▶ [Work required]
One line at a time, check the entries below for the word "regular", and copy each line that has it.

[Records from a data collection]
"""

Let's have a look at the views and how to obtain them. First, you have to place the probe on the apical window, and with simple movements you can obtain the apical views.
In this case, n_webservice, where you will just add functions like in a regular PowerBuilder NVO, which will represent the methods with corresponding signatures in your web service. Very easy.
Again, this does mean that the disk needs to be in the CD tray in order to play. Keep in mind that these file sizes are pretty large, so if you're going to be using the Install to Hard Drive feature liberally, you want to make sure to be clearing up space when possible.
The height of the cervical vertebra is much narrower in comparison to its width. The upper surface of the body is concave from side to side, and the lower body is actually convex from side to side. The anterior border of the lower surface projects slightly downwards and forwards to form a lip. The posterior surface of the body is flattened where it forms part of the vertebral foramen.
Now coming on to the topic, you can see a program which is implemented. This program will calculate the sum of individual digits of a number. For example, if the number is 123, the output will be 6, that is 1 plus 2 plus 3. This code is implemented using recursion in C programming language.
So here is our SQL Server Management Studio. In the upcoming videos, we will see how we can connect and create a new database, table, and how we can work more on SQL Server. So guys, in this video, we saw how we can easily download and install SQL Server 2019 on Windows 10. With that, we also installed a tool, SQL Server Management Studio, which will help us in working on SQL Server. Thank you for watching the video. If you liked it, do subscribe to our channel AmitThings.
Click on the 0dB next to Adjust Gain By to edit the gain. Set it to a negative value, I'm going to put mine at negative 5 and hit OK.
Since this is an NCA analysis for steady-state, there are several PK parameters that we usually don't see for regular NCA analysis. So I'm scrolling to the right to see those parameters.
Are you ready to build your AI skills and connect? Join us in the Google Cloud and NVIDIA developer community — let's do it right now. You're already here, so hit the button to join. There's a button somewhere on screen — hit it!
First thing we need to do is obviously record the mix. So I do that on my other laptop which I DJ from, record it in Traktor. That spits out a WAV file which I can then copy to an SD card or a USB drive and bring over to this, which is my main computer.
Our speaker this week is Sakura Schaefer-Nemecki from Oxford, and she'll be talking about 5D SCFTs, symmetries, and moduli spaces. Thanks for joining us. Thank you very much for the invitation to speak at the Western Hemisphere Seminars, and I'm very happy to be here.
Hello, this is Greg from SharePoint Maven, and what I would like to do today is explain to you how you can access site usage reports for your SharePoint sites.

"""

▶ [Answer below]
In this case, n_webservice, where you will just add functions like in a regular PowerBuilder NVO, which will represent the methods with corresponding signatures in your web service. Very easy.
Since this is an NCA analysis for steady-state, there are several PK parameters that we usually don't see for regular NCA analysis. So I'm scrolling to the right to see those parameters.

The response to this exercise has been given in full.